Once you get it cleaned out, use the Camelbak reservoir dryer to make sure that it dries out. Leaving water in either the bladder proper or the hose is a sure recipe for getting nasty stuff to grow in your Camelbak.


----------



## oldskoolbiker (Jun 2, 2005)

One tip. Once you get it clean, keep it in the freezer, and no gunk will grow. All I do is rinse my bladder out after a ride and throw it in the freezer.


----------



## BWVDubya (Nov 19, 2007)

I have a tip. Ditch the crappy Camelback reservoir and buy yourself a nice MSR one. Sorta spendy but well worth that scrilla.


----------



## Secace (Sep 8, 2004)

oldskoolbiker said:


> One tip. Once you get it clean, keep it in the freezer, and no gunk will grow. All I do is rinse my bladder out after a ride and throw it in the freezer.


Awesome tip!! I never thought to do that. Thanks!


----------



## freeriderB (Jan 9, 2004)

*freezer*



oldskoolbiker said:


> One tip. Once you get it clean, keep it in the freezer, and no gunk will grow. All I do is rinse my bladder out after a ride and throw it in the freezer.


ditto...
been using the same bladder for ~4 years


----------



## Jim311 (Feb 7, 2006)

I found that putting the bladder in the freezer made it taste weird. I honestly never clean mine, and store it in a dark location most of the time. I rinse it out but rarely do much more than that.


----------



## flman (Sep 24, 2008)

oldskoolbiker said:


> One tip. Once you get it clean, keep it in the freezer, and no gunk will grow. All I do is rinse my bladder out after a ride and throw it in the freezer.

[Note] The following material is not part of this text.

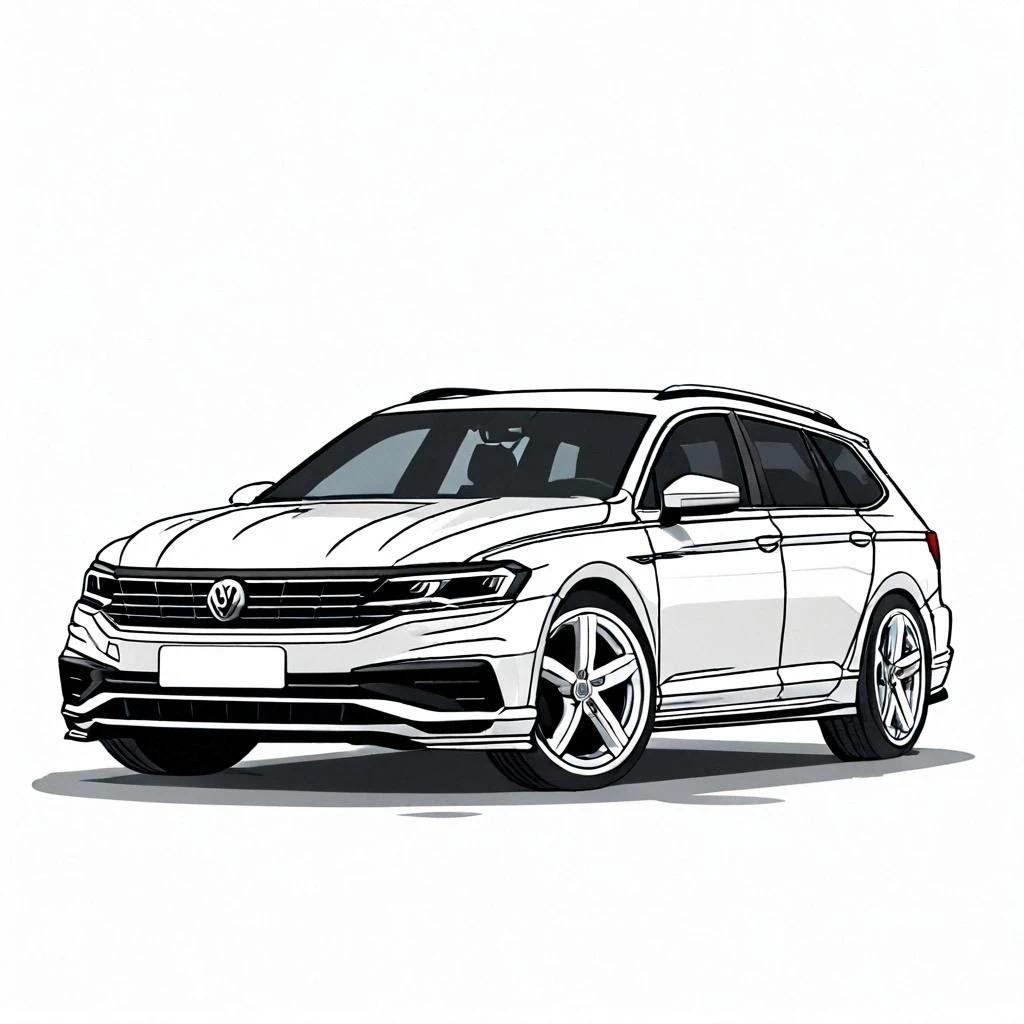 众智汽车售后服务中心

Ditto, mine are in the fridge for daily use, and the freezer for long term storage.


----------



## milhouse (Jun 22, 2004)

Use bleach and water. The only thing that really kills the mold effectively that you would be able to drink out of afterward. Use mixture mentioned above and rinse well. Also the freezer method mentioned above is perfect. It never made mine taste weird and if it did I think a Arm&Hammer box in the freezer would solve that too. 

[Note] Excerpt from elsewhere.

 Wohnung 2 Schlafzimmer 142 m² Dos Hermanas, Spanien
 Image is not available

Having said that, I would just replace the bladder if it got to that point.


----------



## Prettym1k3 (Oct 11, 2005)

Mine's starting to get bad. I have the pipe-cleaner kit from Performance, and it works pretty well. The tablets are okay but you'll want to let them sit for a while, and then rinse your bladder out a few times a day for 2-3 days. Otherwise your water will taste like Chlorine.


----------



## sickspeed16 (Apr 9, 2008)

Listerine baby... that way I'm smellin minty fresh for the misses when I get home, along with all those behind me on the trail.


----------



## Surly29 (Jun 8, 2009)

I rise mine after a ride and hang it on a cloths hanger. I stick the end of the hanger into the filler opening and try to keep the bladder fully opened so it will dry completely. Hose is cheap enough to replace every year of two, they sell it by the foot at my LBS.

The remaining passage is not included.